Work required:
If a line below falls between the line with "I'm going to ask" and the line with "We use the causal", or is one of those two, output it exactly; output nothing else and no pictures.

Supplied records:

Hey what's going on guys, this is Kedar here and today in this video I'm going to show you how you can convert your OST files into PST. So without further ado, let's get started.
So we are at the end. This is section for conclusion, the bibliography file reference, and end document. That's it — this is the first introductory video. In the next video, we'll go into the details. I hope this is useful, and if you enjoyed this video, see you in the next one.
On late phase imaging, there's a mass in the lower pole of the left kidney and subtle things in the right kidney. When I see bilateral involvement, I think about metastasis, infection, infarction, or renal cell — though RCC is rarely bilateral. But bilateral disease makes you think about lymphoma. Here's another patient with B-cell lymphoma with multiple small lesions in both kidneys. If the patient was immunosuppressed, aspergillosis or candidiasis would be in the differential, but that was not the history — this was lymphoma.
...
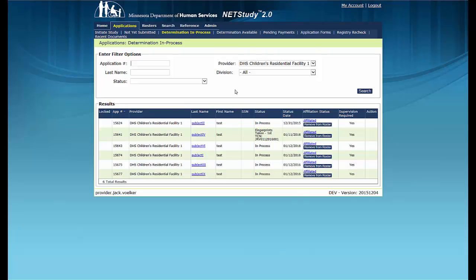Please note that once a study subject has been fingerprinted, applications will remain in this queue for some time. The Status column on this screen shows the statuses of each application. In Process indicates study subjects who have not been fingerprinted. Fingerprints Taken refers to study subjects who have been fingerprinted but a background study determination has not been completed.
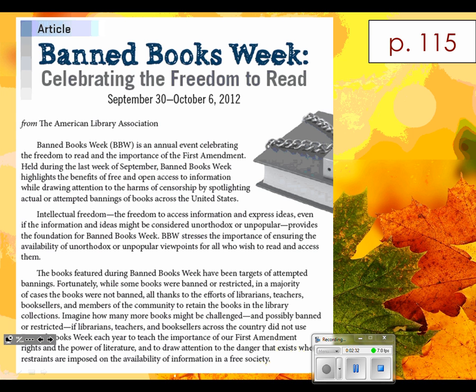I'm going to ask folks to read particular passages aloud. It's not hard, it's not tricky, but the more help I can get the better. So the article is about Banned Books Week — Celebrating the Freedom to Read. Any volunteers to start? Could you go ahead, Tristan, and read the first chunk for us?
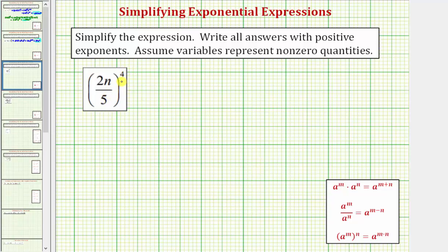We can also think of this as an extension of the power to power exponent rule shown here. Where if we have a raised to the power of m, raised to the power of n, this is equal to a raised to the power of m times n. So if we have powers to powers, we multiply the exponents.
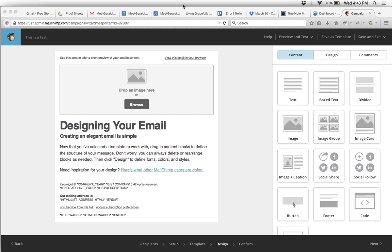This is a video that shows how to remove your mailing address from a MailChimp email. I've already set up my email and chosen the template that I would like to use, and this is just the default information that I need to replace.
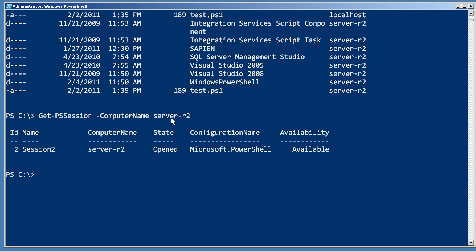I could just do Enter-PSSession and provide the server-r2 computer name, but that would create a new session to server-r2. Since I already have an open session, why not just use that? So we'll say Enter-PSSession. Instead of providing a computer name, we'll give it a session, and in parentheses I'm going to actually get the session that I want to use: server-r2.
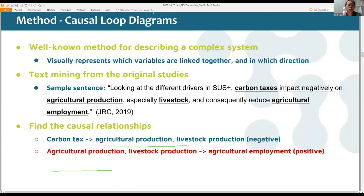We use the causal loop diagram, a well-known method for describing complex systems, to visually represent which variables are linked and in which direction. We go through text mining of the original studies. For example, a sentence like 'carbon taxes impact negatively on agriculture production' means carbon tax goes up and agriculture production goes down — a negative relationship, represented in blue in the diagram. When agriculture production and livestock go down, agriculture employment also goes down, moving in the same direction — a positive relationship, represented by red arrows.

Result of the exercise:
I'm going to ask folks to read particular passages aloud. It's not hard, it's not tricky, but the more help I can get the better. So the article is about Banned Books Week — Celebrating the Freedom to Read. Any volunteers to start? Could you go ahead, Tristan, and read the first chunk for us?
We can also think of this as an extension of the power to power exponent rule shown here. Where if we have a raised to the power of m, raised to the power of n, this is equal to a raised to the power of m times n. So if we have powers to powers, we multiply the exponents.
This is a video that shows how to remove your mailing address from a MailChimp email. I've already set up my email and chosen the template that I would like to use, and this is just the default information that I need to replace.
I could just do Enter-PSSession and provide the server-r2 computer name, but that would create a new session to server-r2. Since I already have an open session, why not just use that? So we'll say Enter-PSSession. Instead of providing a computer name, we'll give it a session, and in parentheses I'm going to actually get the session that I want to use: server-r2.
We use the causal loop diagram, a well-known method for describing complex systems, to visually represent which variables are linked and in which direction. We go through text mining of the original studies. For example, a sentence like 'carbon taxes impact negatively on agriculture production' means carbon tax goes up and agriculture production goes down — a negative relationship, represented in blue in the diagram. When agriculture production and livestock go down, agriculture employment also goes down, moving in the same direction — a positive relationship, represented by red arrows.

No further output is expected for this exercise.